==== Recorded information ====

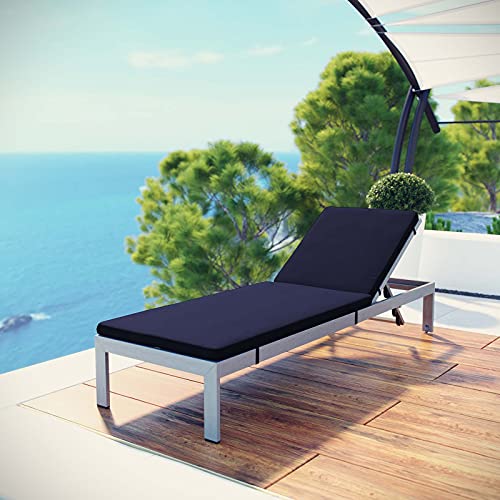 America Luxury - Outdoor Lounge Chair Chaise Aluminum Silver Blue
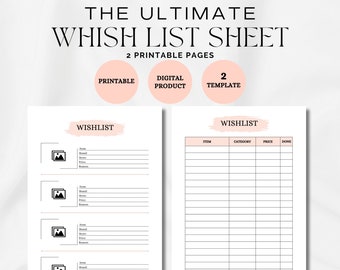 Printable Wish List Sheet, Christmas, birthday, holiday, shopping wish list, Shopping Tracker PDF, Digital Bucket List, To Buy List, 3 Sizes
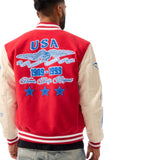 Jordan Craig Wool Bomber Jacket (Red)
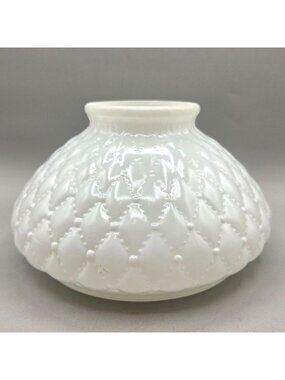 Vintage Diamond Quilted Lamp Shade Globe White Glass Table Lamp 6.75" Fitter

====

Take the listing and print it again exactly, but without any pictures.

■ **Written answer**:
 America Luxury - Outdoor Lounge Chair Chaise Aluminum Silver Blue
 Printable Wish List Sheet, Christmas, birthday, holiday, shopping wish list, Shopping Tracker PDF, Digital Bucket List, To Buy List, 3 Sizes
 Jordan Craig Wool Bomber Jacket (Red)
 Vintage Diamond Quilted Lamp Shade Globe White Glass Table Lamp 6.75" Fitter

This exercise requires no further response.